[THE PROBLEM]: Your answer must be the exact lines below, starting with the line with "Yana Gallen (@gallenyana)" and going on through the line with "portada Principles of", both included, with no pictures.

[DATA UNDER STUDY]:

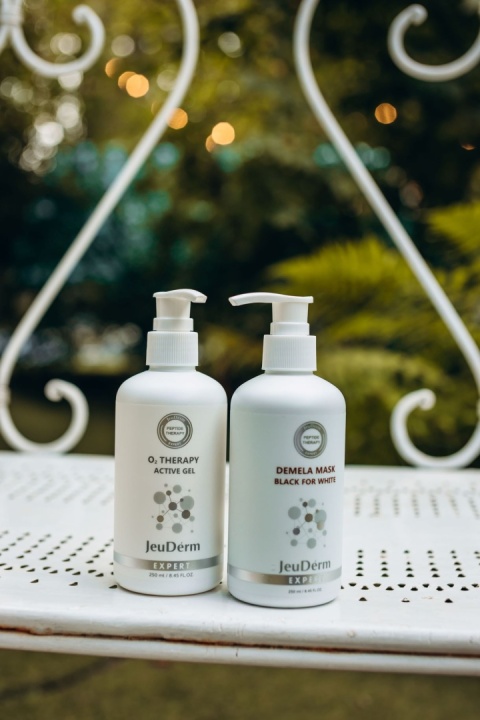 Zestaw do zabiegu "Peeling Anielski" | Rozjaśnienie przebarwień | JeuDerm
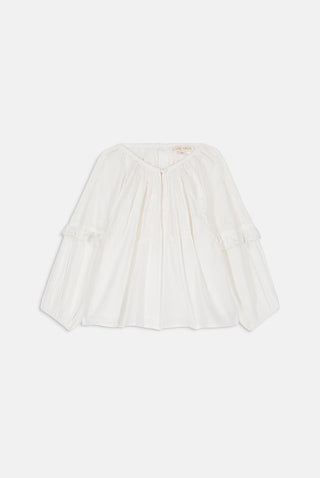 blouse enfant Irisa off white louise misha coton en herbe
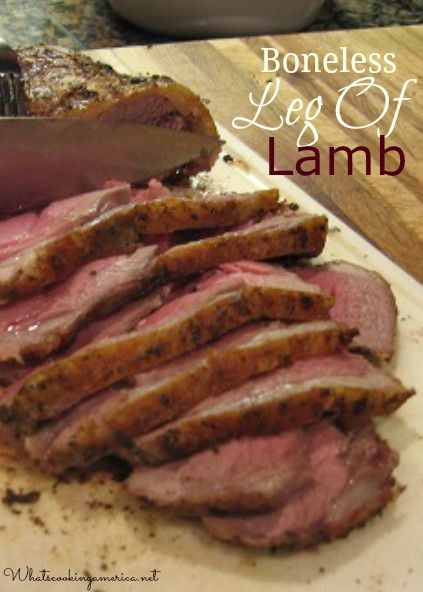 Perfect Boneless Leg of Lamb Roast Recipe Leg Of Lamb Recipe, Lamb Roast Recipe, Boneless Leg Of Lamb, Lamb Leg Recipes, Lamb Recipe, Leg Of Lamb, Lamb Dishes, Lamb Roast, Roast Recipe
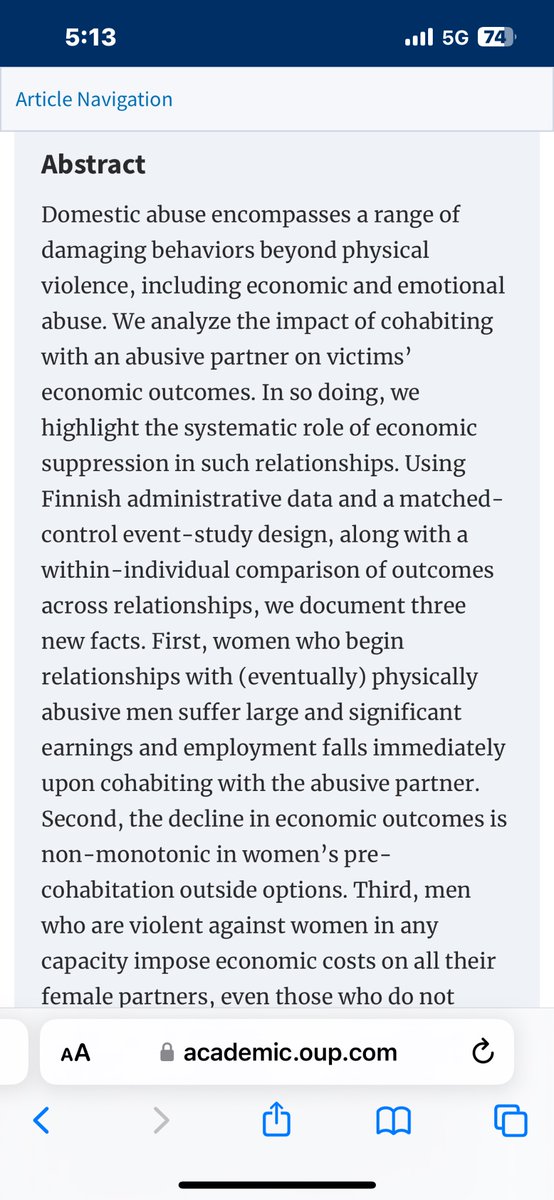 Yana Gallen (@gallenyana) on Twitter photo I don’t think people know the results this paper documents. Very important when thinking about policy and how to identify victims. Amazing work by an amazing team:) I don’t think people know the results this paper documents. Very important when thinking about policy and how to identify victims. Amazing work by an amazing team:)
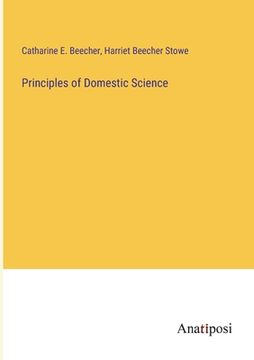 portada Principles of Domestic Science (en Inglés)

---

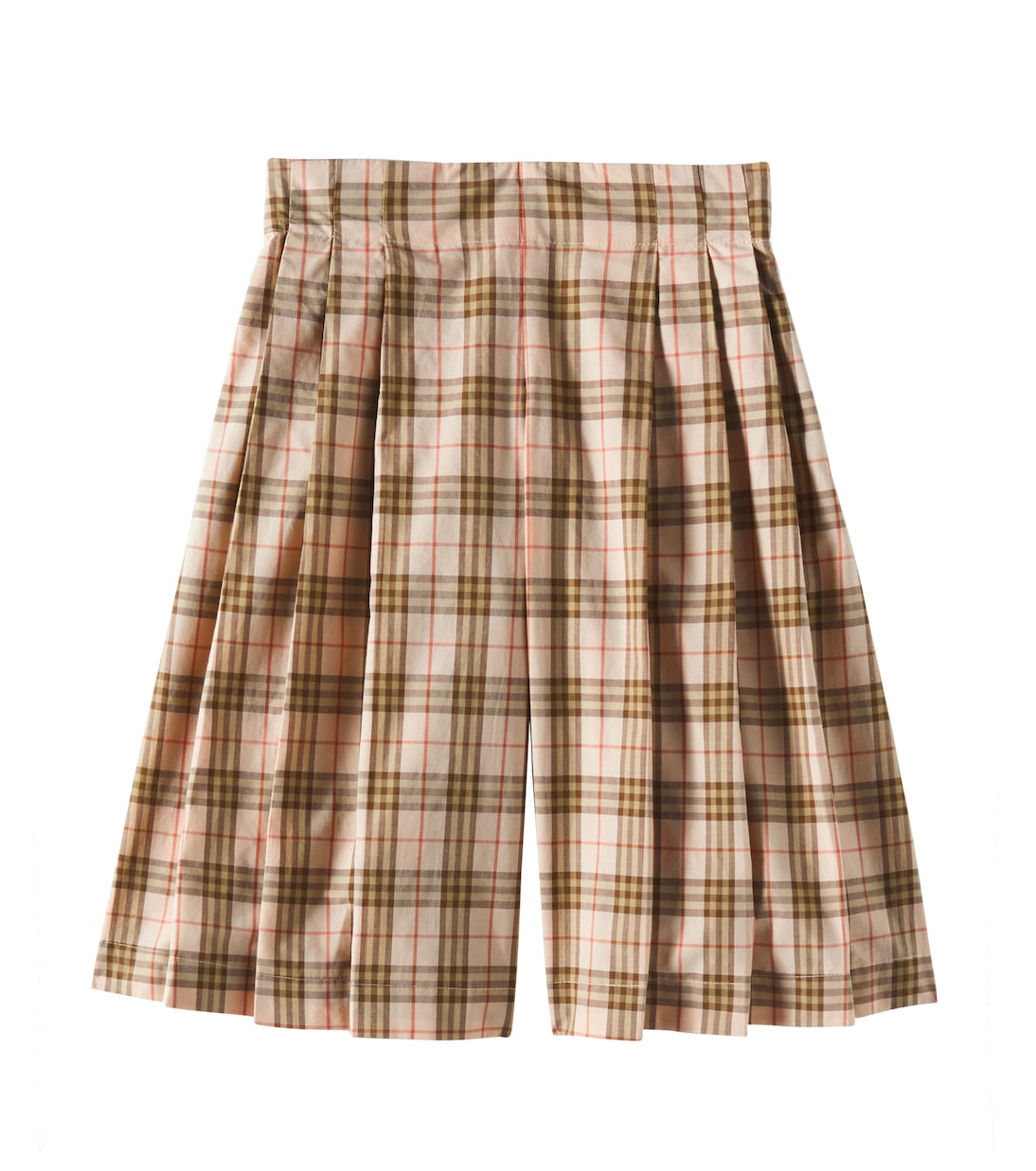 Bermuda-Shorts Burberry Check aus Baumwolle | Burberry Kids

==

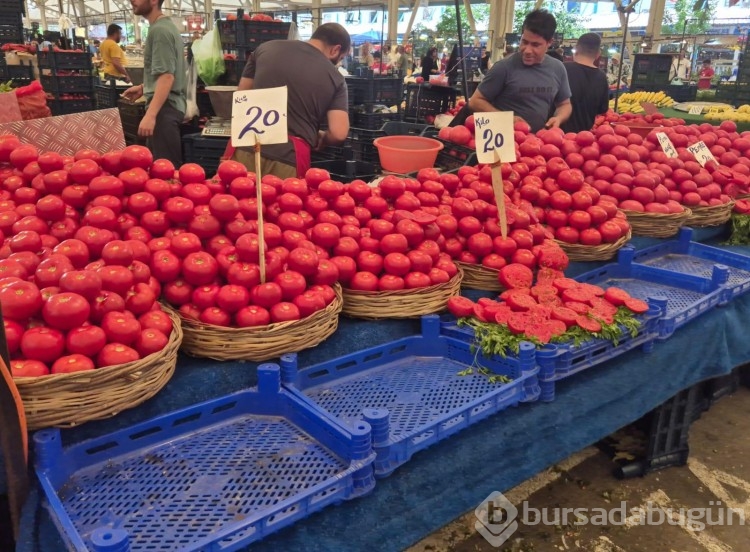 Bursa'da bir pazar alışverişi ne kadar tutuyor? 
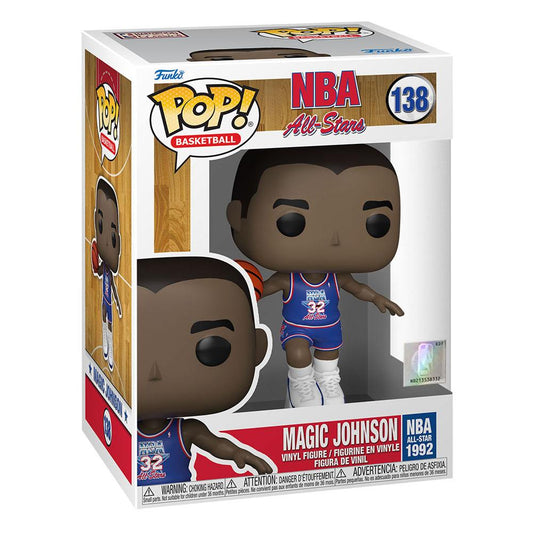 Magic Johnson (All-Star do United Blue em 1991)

[ANSWER BELOW]:
 Yana Gallen (@gallenyana) on Twitter photo I don’t think people know the results this paper documents. Very important when thinking about policy and how to identify victims. Amazing work by an amazing team:) I don’t think people know the results this paper documents. Very important when thinking about policy and how to identify victims. Amazing work by an amazing team:)
 portada Principles of Domestic Science (en Inglés)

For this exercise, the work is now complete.